President François Bozizé has said that one of his priorities is to get the support of the international community. This has indeed been visible in his relations to donor countries and international organisations. At the same time it is difficult to have an open policy towards neighbouring countries when they are used as safe haven by rebels regularly attacking Central African Republic (C.A.R.), or when one allied country is in war with another (as is Chad–Sudan).

The Central African Armed Forces cannot–even with the support of France and the Multinational Force of the Economic and Monetary Community of Central Africa (FOMUC)–exert control over its own borders. Hence, armed groups are regularly entering the country from Chad and Sudan. The President said in an interview that he has a good relation with neighbours and fellow CEMAC countries, "put aside the incident with Sudan when the border had to be closed since militia entered C.A.R. territory".
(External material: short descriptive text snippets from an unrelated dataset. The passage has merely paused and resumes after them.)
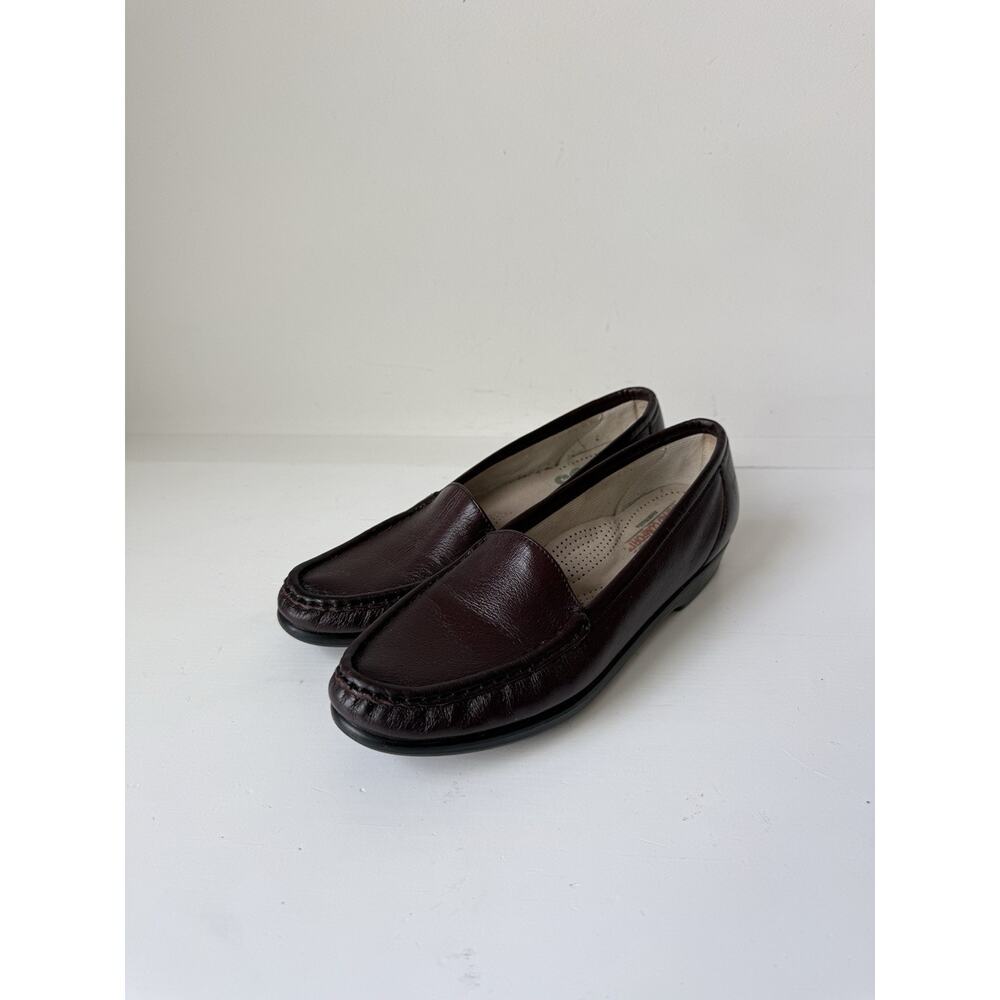 SAS Tripad Slip On Leather Loafer Comfort Shoes Womens Sz 8 Burgundy Brown USA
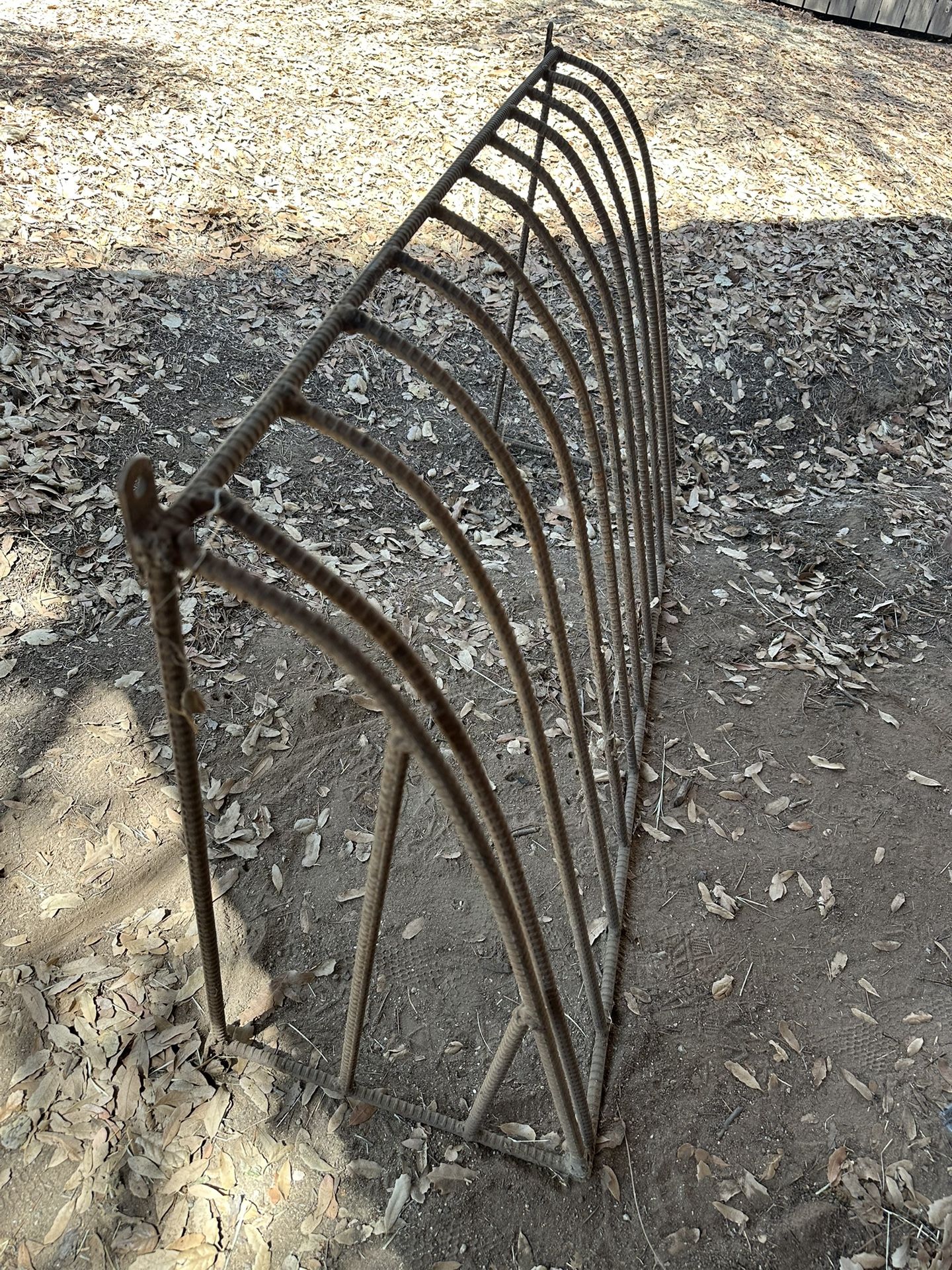 Heavy Duty Rebar Wall Hay Rack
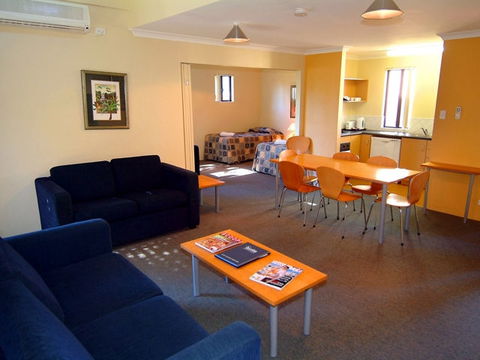 Amalfi Resort - eAccommodation 1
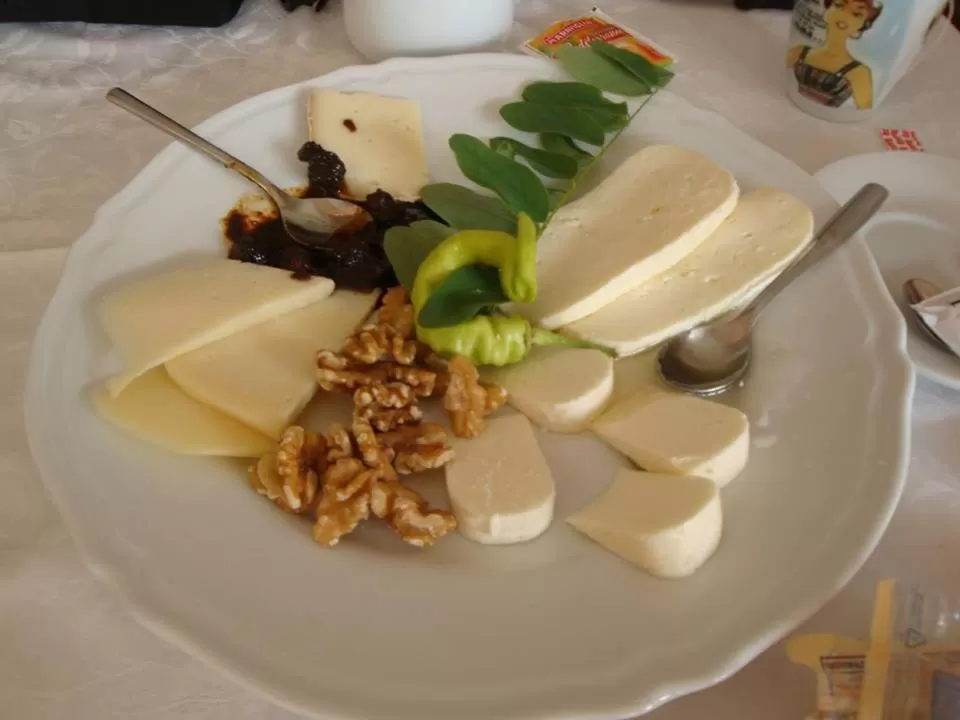 Restaurant/places to eat in Platani Hotel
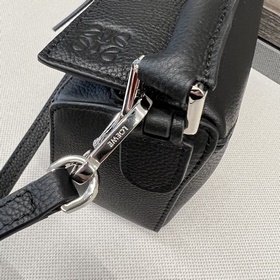 Loewe  Сумка Puzzle из миниатюрной зе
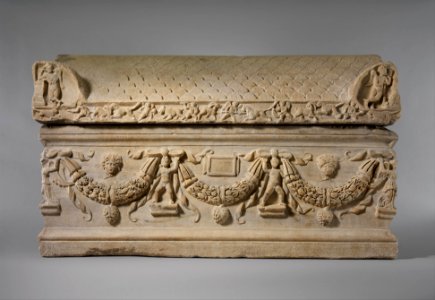 Marble sarcophagus with garlands 200-225 CE Tarus, Cilicia (modern Turkey)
Participation in international organisations 
The Central African Republic is an active member in several Central African organizations, including the Economic and Monetary Union (CEMAC), the Economic Community of Central African States (CEEAC), the Central African Peace and Security Council (COPAX- still under formation), and the Central Bank of Central African States (BEAC). Standardization of tax, customs, and security arrangements between the Central African states is a major foreign policy objective of the C.A.R. Government. The C.A.R. is a participant in the Community of Sahel–Saharan States (CEN-SAD), and the African Union (AU).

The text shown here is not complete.